Harvesting the Halloween . . . . . . Eggplant????




Our normally sedate town goes crazy for Halloween. The iconic vegetable of the season -- the glorious pumpkin -- is displayed everywhere. It's been fun seeing those reassuring bright orange globes appear on porches around the neighborhood. People don't hold back. Some houses have all sizes and shapes lined up along railings or sitting on each step of their front stairs.

I have to go out to see pumpkins. We don't grow them and don't even bother putting one on the porch because the trick-or-treaters never seem to make it to our cottage behind the hedge at the end of a dead end street.

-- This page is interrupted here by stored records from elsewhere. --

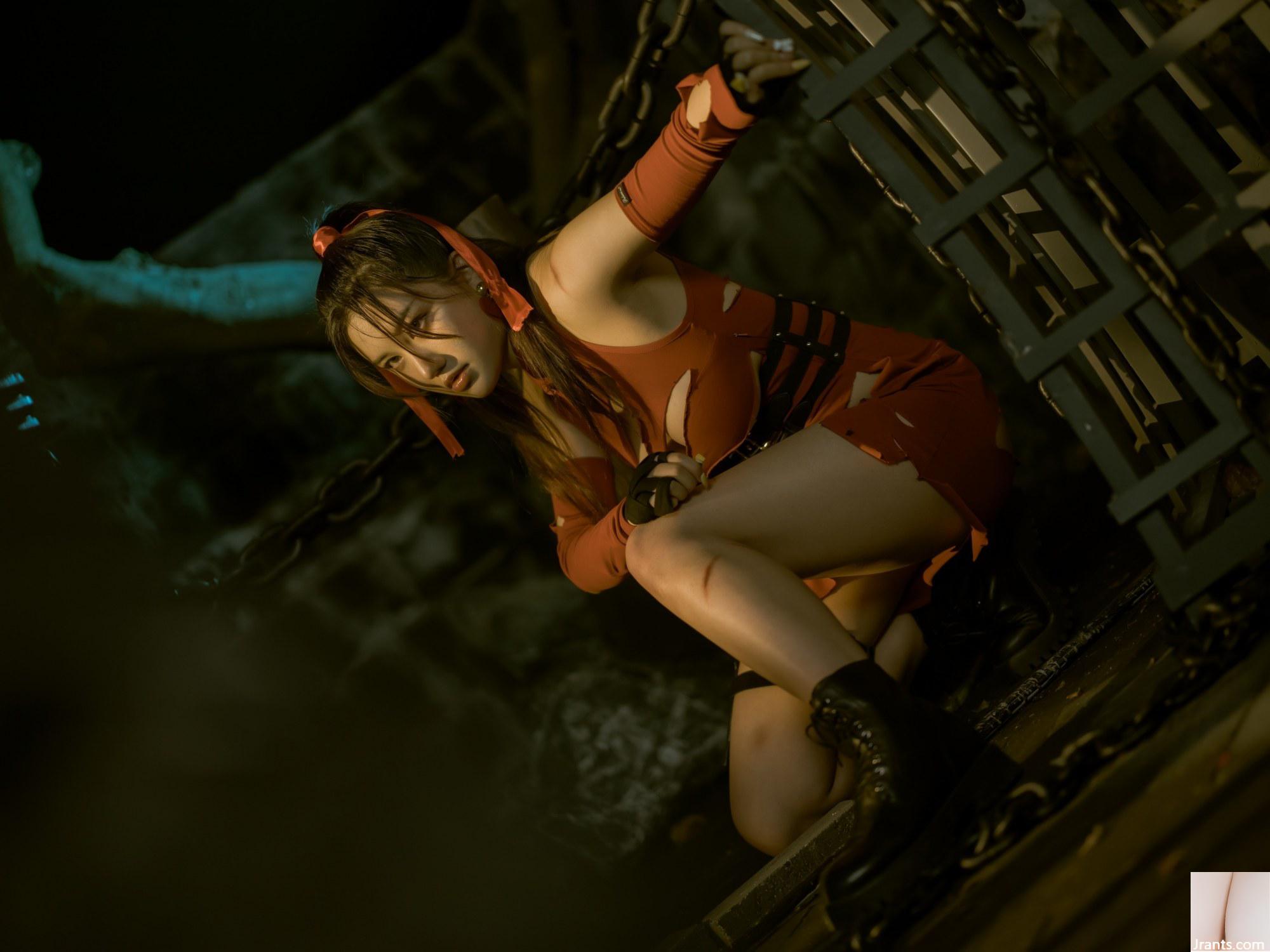 “Ninja gợi cảm” của Qiu và Corgi tạo dáng vô hại (48P) - Ảnh 27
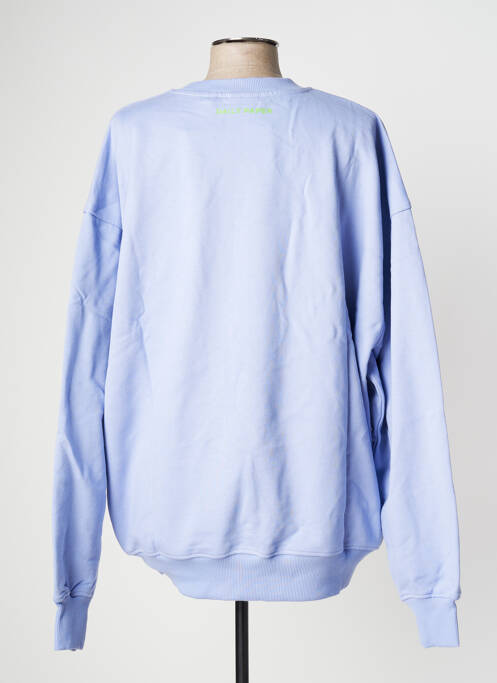 Sweat-shirt violet DAILY PAPER pour homme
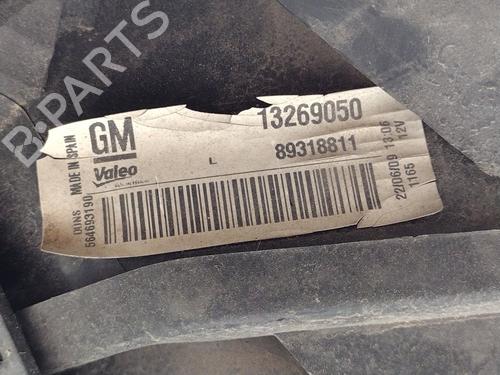 Left taillight OPEL CORSA D (S07)  | BP30113299C34 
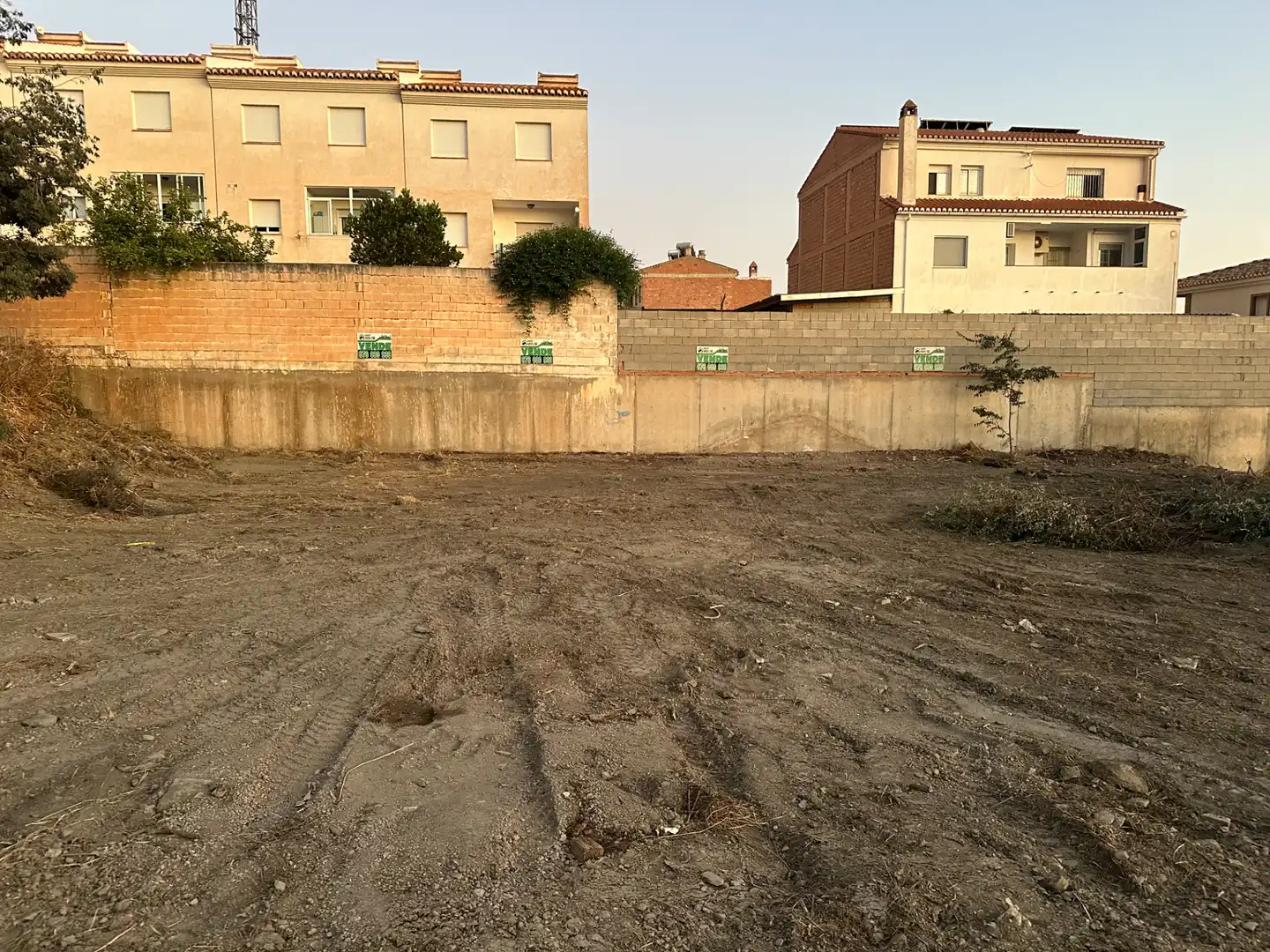 Terreno residenziale in vendita a Calle Pablo Neruda 18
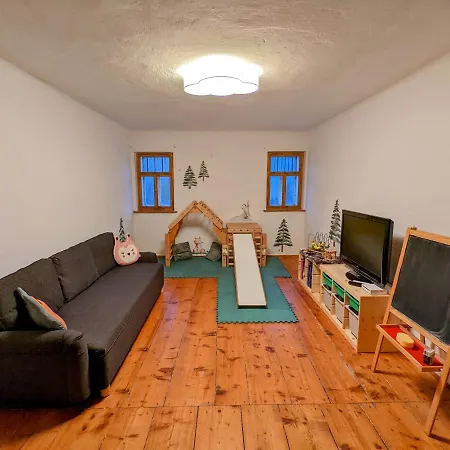 Chalupa, Kde Bejval Krám * Vysoké nad Jizerou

Despite the dearth of pumpkins here at our hidden homestead, we have been reveling in summer bounty even as the seasons shift: picking eggplant in the autumn rain, plucking peppers and tomatoes on chilly, foggy mornings.

But there are plenty of pumpkins to admire wherever I go. On the outskirts of town I drive by fields of them swarmed by hordes of school children as the farmers make the most of their brief window of profitable time. By tomorrow those fields will be left to rot, along with the pyramids of hay bales and tee-pees of corn stalks, as the inevitable processes of decay take over.

Maybe, deep down, that's what this holiday is all about: coming to terms with the encroaching darkness. We conquer our fear of the dying of the light and take control of our worst nightmares by dressing up like them or by inviting them onto the porch and into the light so we can bribe them into playing nice and thereby harness their power.

Gardeners know that darkness and the sometimes gruesome progression of rot and decay are regenerative forces that eventually bring about surging new life. Still, there is sadness when, at the end of a productive lifespan, the pepper plant topples over because its stem has rotted or the eggplant succumbs to mildew or a sprawling zucchini plant has to be flung onto the compost pile.

So light up those Jack-O-Lanterns, folks, and lift a glass of cider to the turning of the year.